O parágrafo 2º, por sua vez, definiu que os valores previstos no parágrafo 1º da lei poderiam ser “reajustados, anualmente, mediante ato do Ministro de Estado da Fazenda, conforme a variação dos custos de operação e dos investimentos no SISCOMEX.”
O então Ministro da Fazenda, Sr. Guido Mantega, aumentou em mais de 500% o valor da Taxa Siscomex, conforme Portaria MF n. 257, de 20 de maio de 2011:
“O MINISTRO DA FAZENDA, no uso das atribuições que lhe conferem o artigo 87, parágrafo único, incisos I e II, da Constituição Federal, considerando o disposto no artigo 6º, do Decreto-Lei nº 1.437, de 17 de dezembro de 1975, ratificado pelo Decreto Legislativo nº 22, de 27 de agosto de 1990, e no parágrafo 2º do artigo 3º da Lei nº 9.716, de 26 de novembro de 1998, resolve:
Art. 1º Reajustar a Taxa de Utilização do Sistema Integrado de Comércio Exterior (SISCOMEX), devida no Registro da Declaração de Importação (DI), de que trata o parágrafo 1º do artigo 3º da Lei nº 9.716, de 1998, nos seguintes valores:
I – R$ 185,00 (cento e oitenta e cinco reais) por DI;
II – R$ 29,50 (vinte e nove reais e cinquenta centavos) para cada adição de mercadorias à DI, observados os limites fixados pela Secretaria da Receita Federal do Brasil (RFB).

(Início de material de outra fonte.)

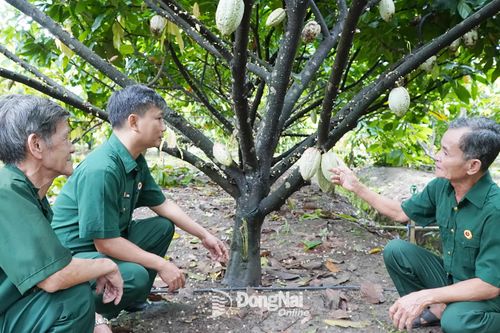Cựu chiến binh gương mẫu, nhạy bén làm kinh tế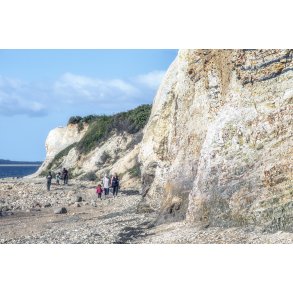 Erteb�lle Hoved ved Limfjorden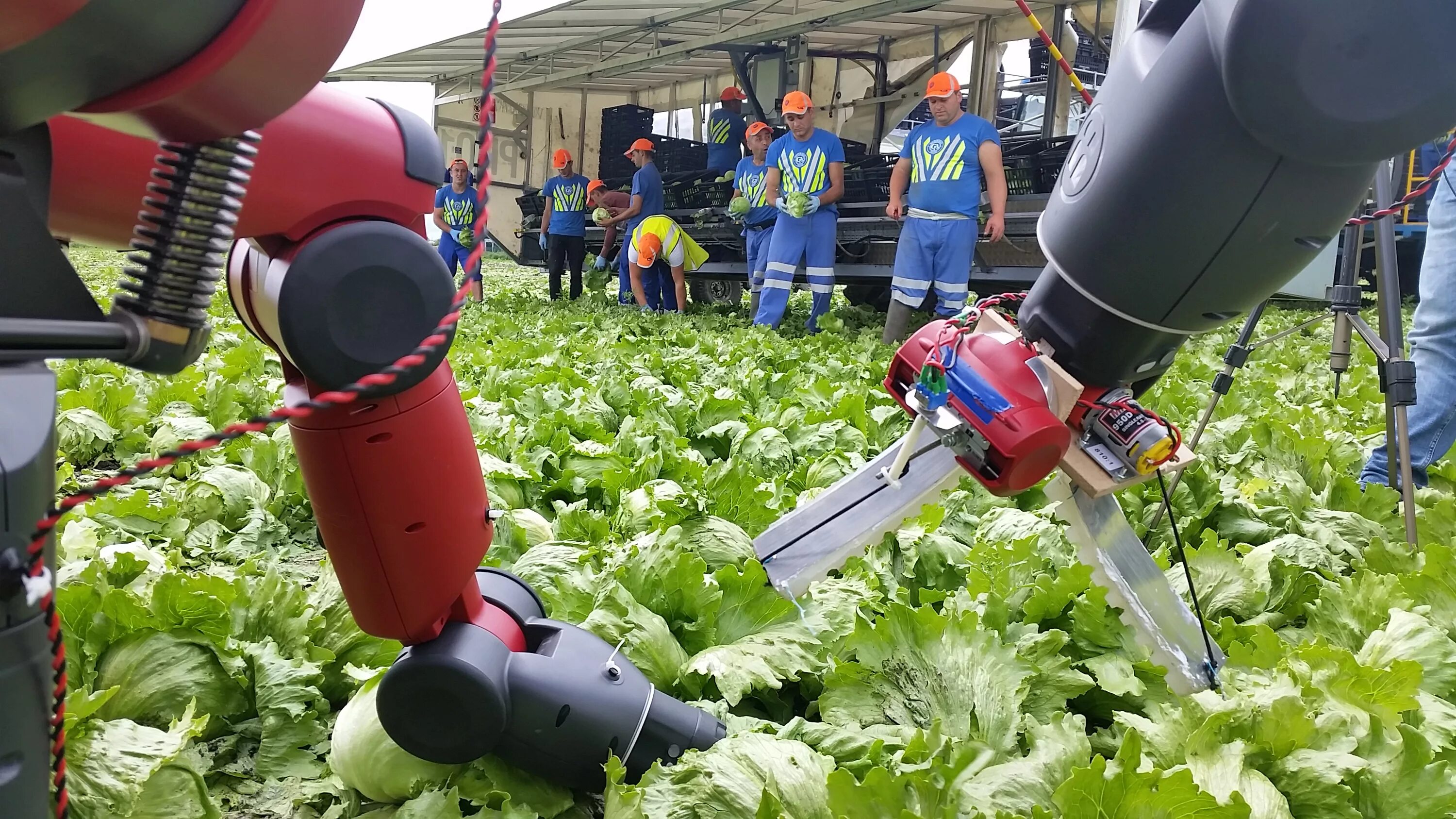 Роботы в сельском хозяйстве. Робототехника в сельском хозяйстве. Роботизированные системы в сельском хозяйстве. Роботы для сбора урожая. Ии в сельском хозяйстве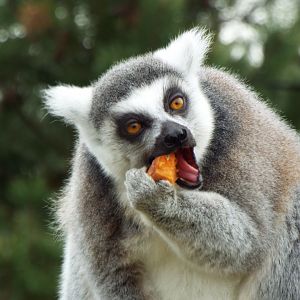 Ring Tail eating Sweet Potato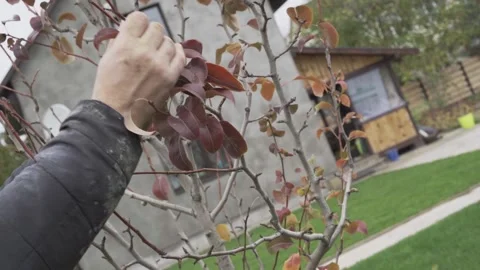 The process of getting rid of trees from dry leaves by hand before wintering Stock Footage 143387280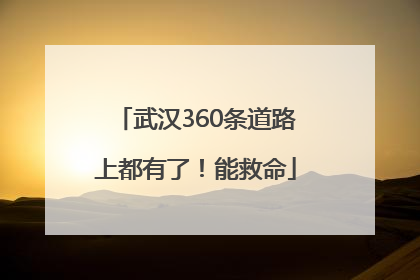 武汉360条道路上都有了！能救命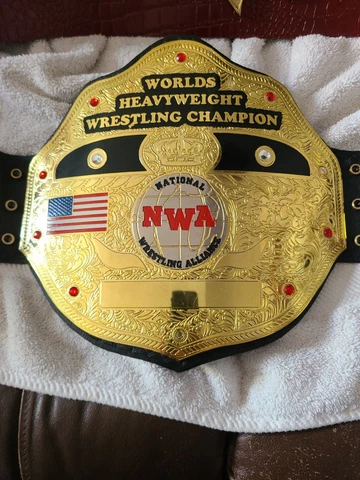 World Heavyweight ECW FTW Wrestling Champion Replica Leather Belt Fast Shipping Cover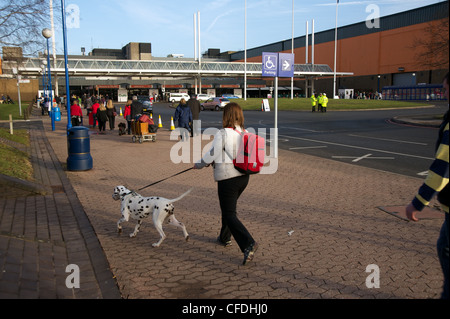 Il Crufts dog show 2011 Foto Stock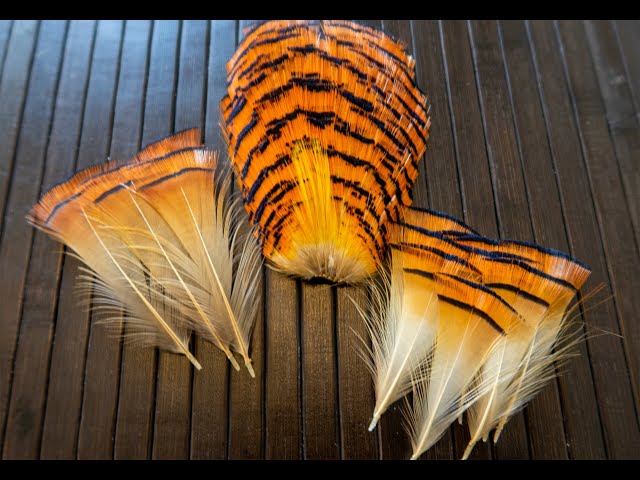 Fly Tying Materials - Feathers  Ashland Fly Shop Tagged golden pheasant  tippets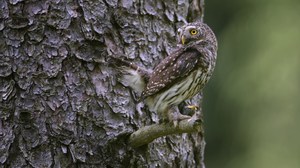 Sperlingskauz im Brutgeschäft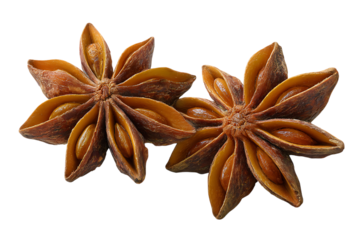 Two star anise spice pods with visible seeds isolated on transparent background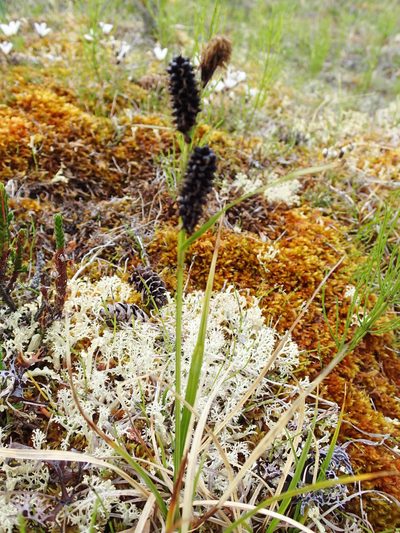 Carex membranacea, photographed by Rob Foster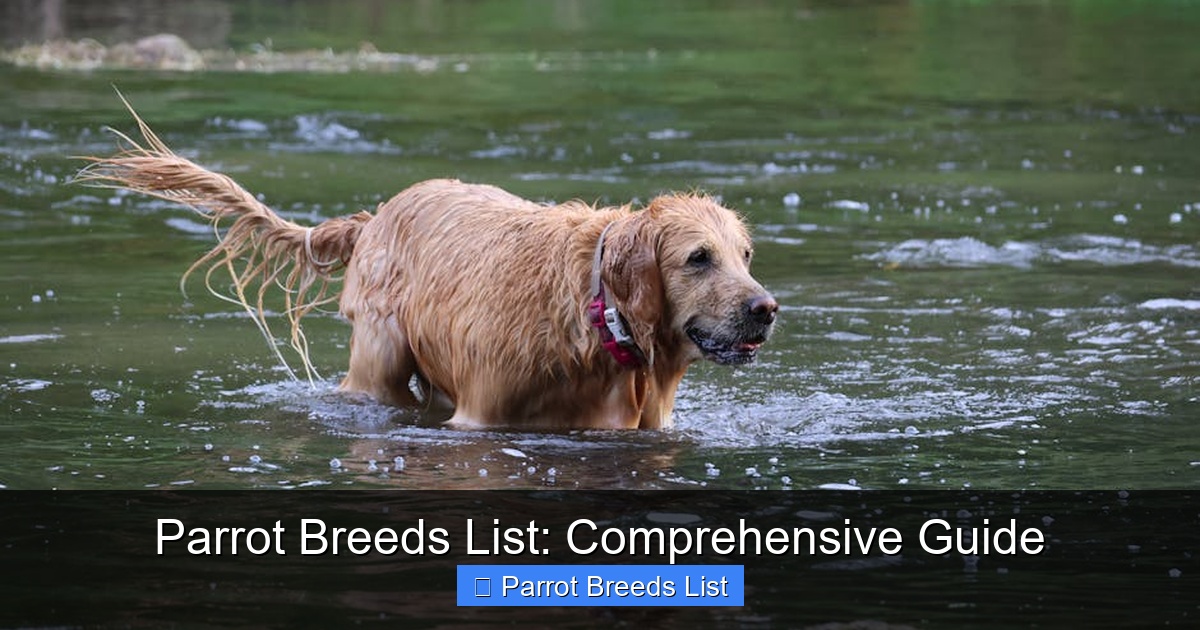 Featured image for Parrot Breeds List: Comprehensive Guide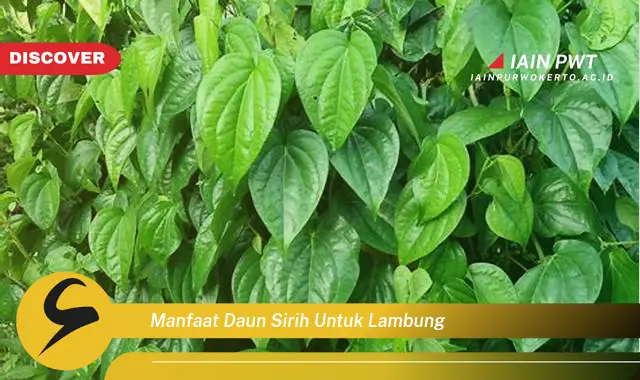 manfaat daun sirih untuk lambung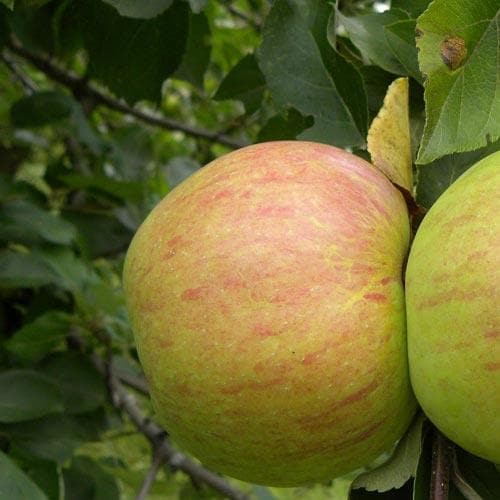  Apple Dick Davies
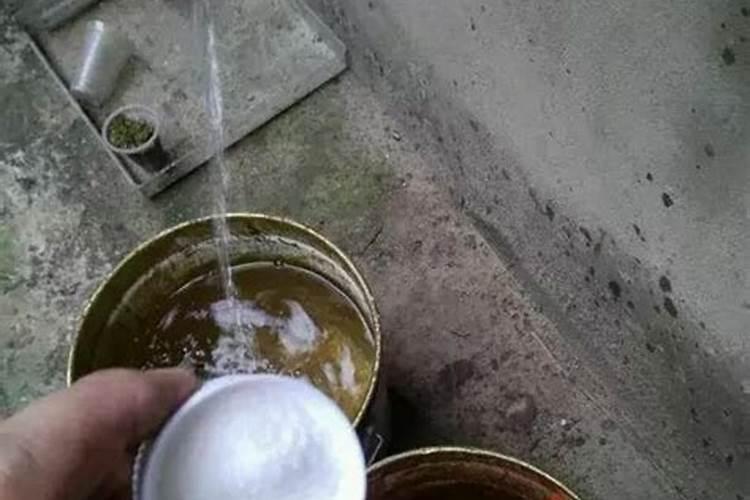 种玉米底肥用什么复合肥好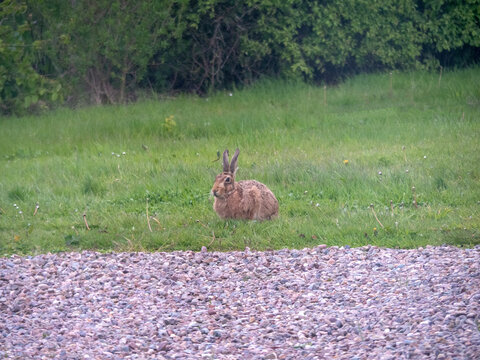 Brown hare, Lepus europaeus, in a grass meadow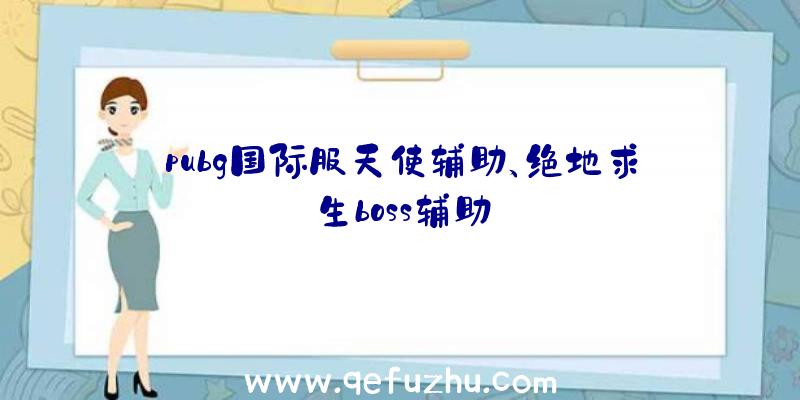 pubg国际服天使辅助、绝地求生boss辅助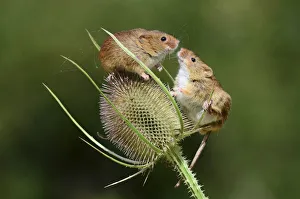 Harvest mice (Micromys minutus) on teasel seed head. Dorset, UK, August. Captive Harvest mice (Micromys minutus) on teasel seed head. Dorset, UK, August. Captive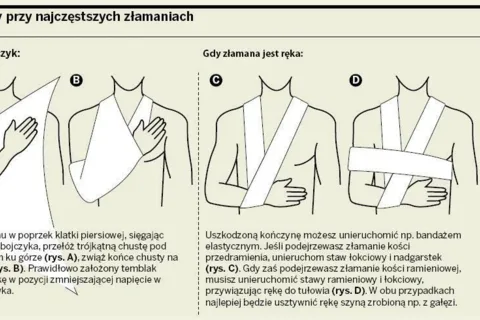 Jak zachowywać się na górskich szlakach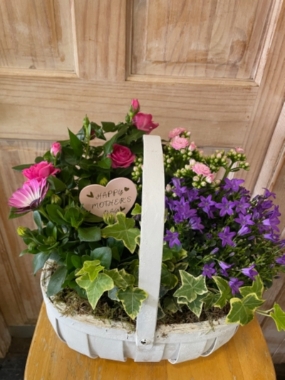 Mother's Day Planted Basket
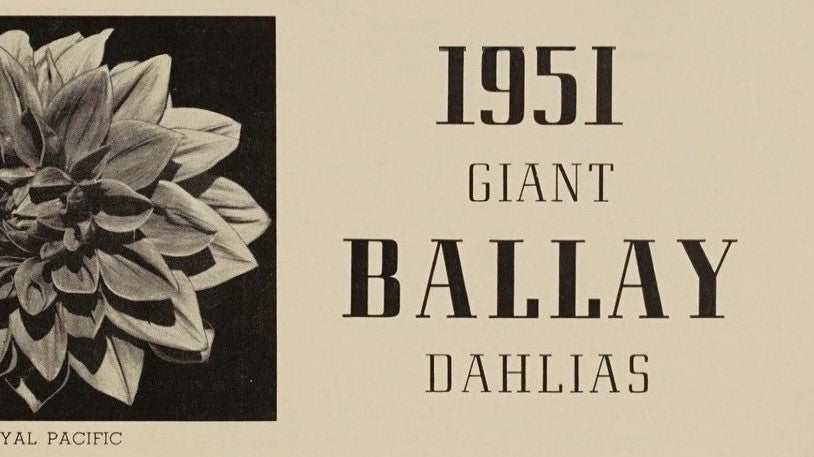 Catalog of Ballay Dahlia Farms 1951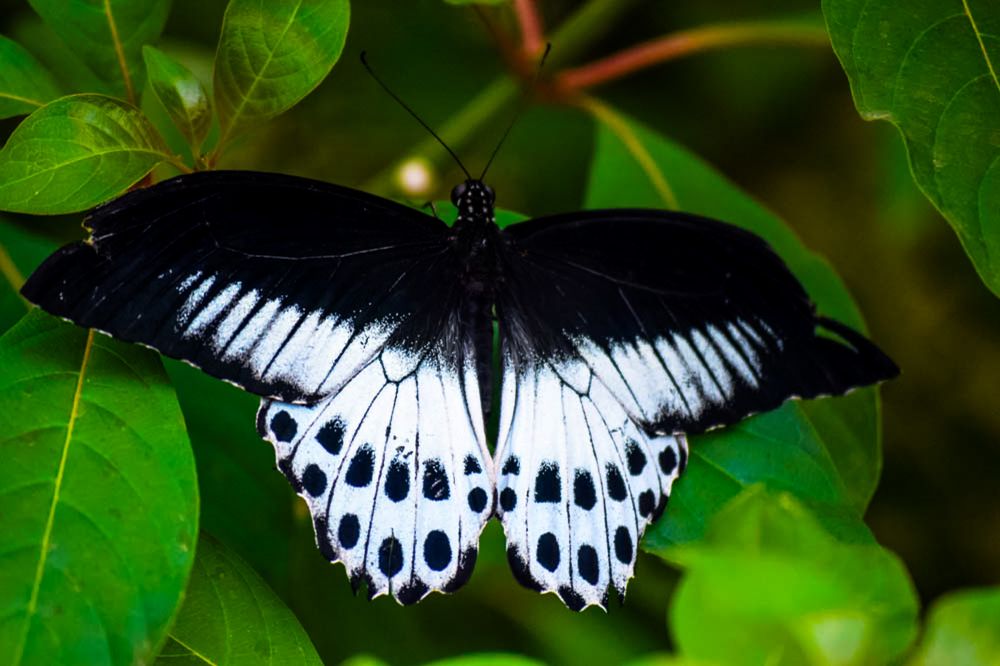 BLUE  MORMON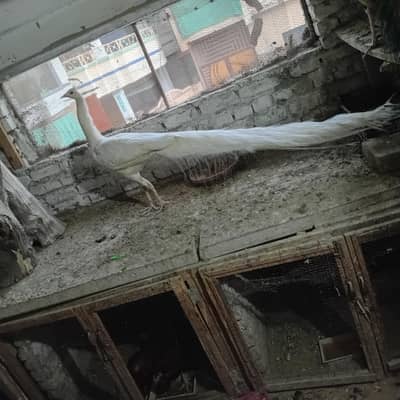 white peacock breeder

Art. 2º Esta Portaria entra em vigor na data de sua publicação.”
Ocorre que o referido aumento foi julgado inconstitucional pelo Excelso Supremo Tribunal Federal, conforme precedentes abaixo:
“SEGUNDO AGRAVO REGIMENTAL EM RECURSO EXTRAORDINÁRIO COM AGRAVO. DIREITO TRIBUTÁRIO. TAXA DE UTILIZAÇÃO DO SISTEMA INTEGRADO DE COMERCIO EXTERIOR – SISCOMEX. MAJORAÇÃO. PORTARIA MF 257/2011. 1. É inconstitucional a majoração da taxa SISCOMEX promovida pela Portaria MF 257/2011. Precedentes. 2. Agravo regimental a que se nega provimento.” (ARE 1089538)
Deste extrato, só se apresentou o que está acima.